Exclusivement centrée sur ses deux protagonistes, l’histoire narrée par Hiro Eguchi sait parfaitement traiter ses sujets de prédilections, et par conséquent la psychologie des deux figures concernées. D’un côté, une Sumire complexée par sa virginité et, de l’autre, Shûji peine à trouver l’assurance pour honorer ses rêves de stylisme en lingerie. Ce premier tome est en réalité un opus autosuffisant qui aborde les dilemmes de ces personnages tout en croquant habilement leur relation. De leur rencontre à la dernière page, c’est leur histoire et leurs évolutions côte à côte qui nous sont dépeintes dans un rythme rondement mené qui sait enchaîner les quiproquos, situations torrides et progressions des sentiments des protagonistes.
La subtilité du récit vient aussi de l’importance de la lingerie féminine en toile de fond. Loin de seulement habiller l’érotisme de l’ouvrage, elle pousse de vrais questionnements sur la vision que peut avoir la gent masculine sur ces vêtements en opposition avec le côté pratique mis en relief par l’écriture féminine de l’intrigue. C’est non seulement charmant en termes d’esthétique, mais aussi pertinent sur le plan narratif.
Puis, il est indéniable que le trait expressif et anguleux de la mangaka donne un cachet tout particulier aux scènes de rapports charnels. Puisque l’on découvre véritable ce pan du manga sous son appellation Teen’s Love, il convient de noter que les séquences sont explicites, et que l’œuvre n’est donc pas à mettre entre toutes les mains. Pour dépeindre son érotisme, l’autrice sait utiliser les tempéraments de ses protagonistes, y ajouter l’élégance de la lingerie et raconter de véritables échanges humains dans chaque rapport. Un équilibre d’autant plus présent qu’il est découpé en une progression à base de préliminaires, donnant une sorte de schéma narratif à cette relation charnelle qui se développe entre Sumire et Shûji. Si le trait de Hiro Eguchi ne va pas forcément convenir à toutes et à tous (mais que votre serviteur a adoré), ce que la portée explicite de l’ouvrage raconte est particulièrement prenant.

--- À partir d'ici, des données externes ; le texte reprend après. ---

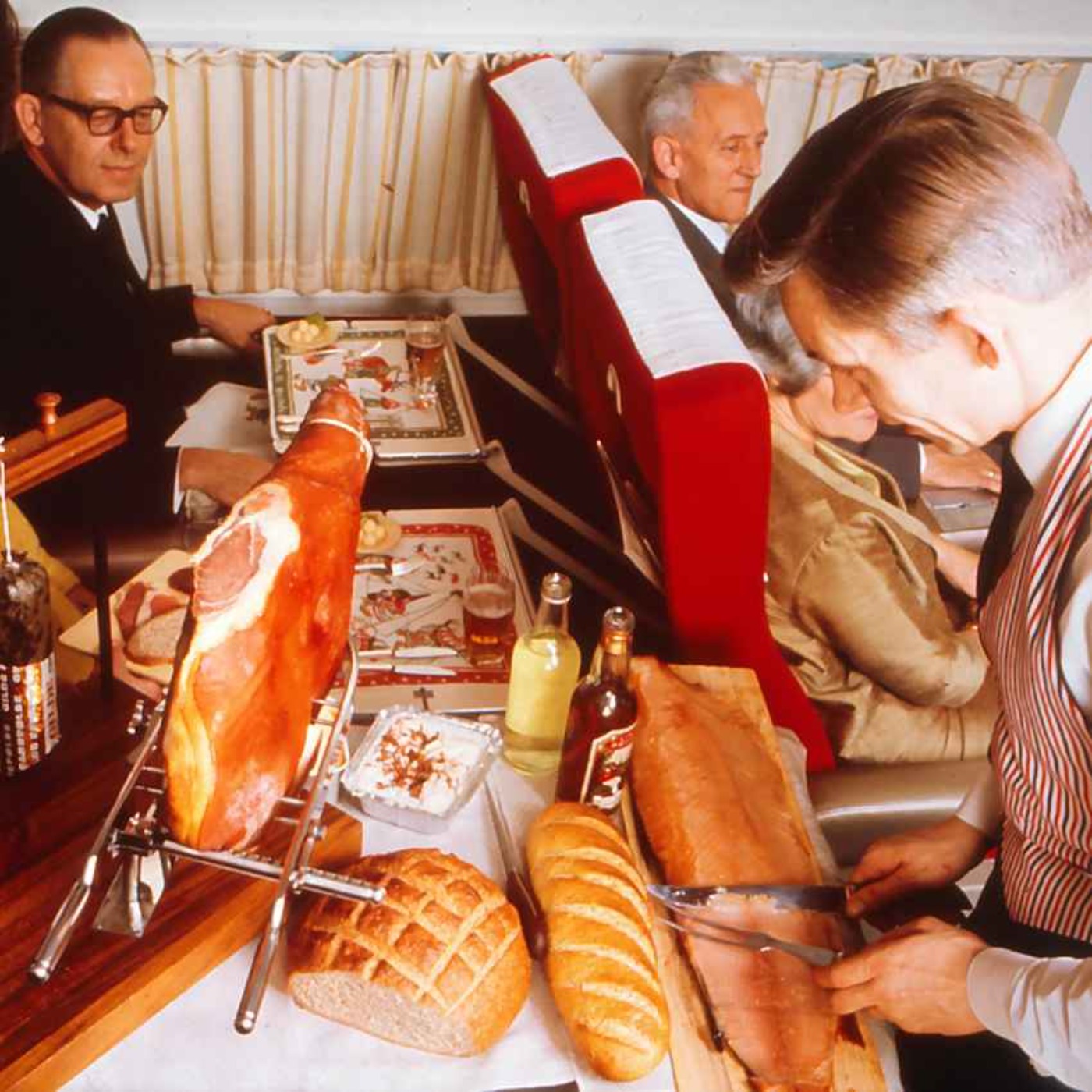 The Glory Days of In-Flight Dining: From Smorgasbord to Baked Alaska - podcast episode cover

Il en résulte un opus vraiment convaincant, porté par des personnages attachants et ponctué de moult petites subtilités, pour l’une des premières approches frontales du Teens’ Love par les éditions Taifu. On n’évite pas certains écueils tels que des quiproquos un poil grossiers, mais le reste du tome est suffisamment bon pour qu’on n’y prête guère attention. Si l’ouvrage se suffit à lui-même, on est quand même enthousiastes à l’idée de retrouver les deux protagonistes dans un deuxième opus sous-titré « Re:play ».